‘People’s PM’ Bob Hawke’s slavish service to US intelligence shows Australia has never been independent, let alone a democracy

28 Jun, 2021 20:13

By Kit Klarenberg, an investigative journalist exploring the role of intelligence services in shaping politics and perceptions. Follow him on Twitter @KitKlarenberg

A new report confirms how Bob Hawke, Prime Minister of Australia from 1983 to 1991, served for some time as a US intelligence informant. This clandestine relationship undoubtedly had a major impact on Canberra’s politics.

The shocking disclosure was made by academic Cameron Coventry, who analyzed diplomatic cables from official archives, and found that, while serving as leader of the Australian Council of Trade Unions (ACTU), and President of the Labor party, the man who would later be known as the “people’s Prime Minister” passed on sensitive information about the government, the trade union movement and more to Washington over many years.

The precise points at which Hawke’s secret spell as an informant commenced and ended aren’t clear from the unearthed documents, which run from 1973 to 1979. In his analysis, Coventry notes that numerous “notable” Australians maintained clandestine ties to US officials in the same period, among them government ministers, state premiers, and political party leaders. However, the “sheer volume of cables” pertaining to Hawke’s dealings indicate that he was “especially entrenched in the practice,” to a degree that was “unusual.

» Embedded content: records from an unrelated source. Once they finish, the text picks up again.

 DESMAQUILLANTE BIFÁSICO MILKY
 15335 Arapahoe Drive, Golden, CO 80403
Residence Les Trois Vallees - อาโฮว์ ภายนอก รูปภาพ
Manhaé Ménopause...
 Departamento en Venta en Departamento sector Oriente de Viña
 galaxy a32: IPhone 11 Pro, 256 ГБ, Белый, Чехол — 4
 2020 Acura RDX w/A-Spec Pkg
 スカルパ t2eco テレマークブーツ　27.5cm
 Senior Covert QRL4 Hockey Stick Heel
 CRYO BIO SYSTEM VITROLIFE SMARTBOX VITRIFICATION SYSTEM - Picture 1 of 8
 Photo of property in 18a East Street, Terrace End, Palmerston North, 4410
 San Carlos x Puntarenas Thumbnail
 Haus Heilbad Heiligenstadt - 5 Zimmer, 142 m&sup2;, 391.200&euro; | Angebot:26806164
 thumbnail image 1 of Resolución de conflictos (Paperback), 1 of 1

Hawke’s motivations for entering the arrangement aren’t clear from the files themselves, although the academic suggests he sought to “[persuade] the US that he could be trusted as leader” as he prepared to enter parliament, so “promised” to keep diplomats abreast of everything and anything of possible concern to Washington.

True to his word, he provided a regular flow of “reliable” intelligence to prove he could be depended upon, including advance warning and insider information on planned strikes and industrial action by workers at major US corporations operating in Australia. He even reported on meetings conducted abroad with influential figures and groups, including the UK Labour Party. Eerily, the cables make clear he was, presumably unknowingly, surveilled closely by US intelligence throughout these trips.

For their part, US diplomats saw much “potential value” in Hawke as a “possible future Labour leader and prime minister,” and a golden opportunity to cultivate him and influence his perspectives and policies along the way. They also “wanted to protect defence installations in Australia,” among other “important” interests.

Feeling he would “benefit from being exposed to some sophisticated non-labour thinking on the role of multinationals in Australian economic development,” it was proposed he be invited to Washington to meet representatives of Chase Manhattan Bank, the International Chamber of Commerce, Brookings Institution, and other organisations and be educated in the merits of the then-burgeoning doctrine of neoliberalism.

I wish to emphasise how important proposed visit of Bob Hawke to US can be…There is little doubt that he has major potential…he has every prospect of being a major figure on political scene for next 20 years or so, and it will be worth our while to make a real effort to develop a worthwhile program for him,” a May 1974 cable states.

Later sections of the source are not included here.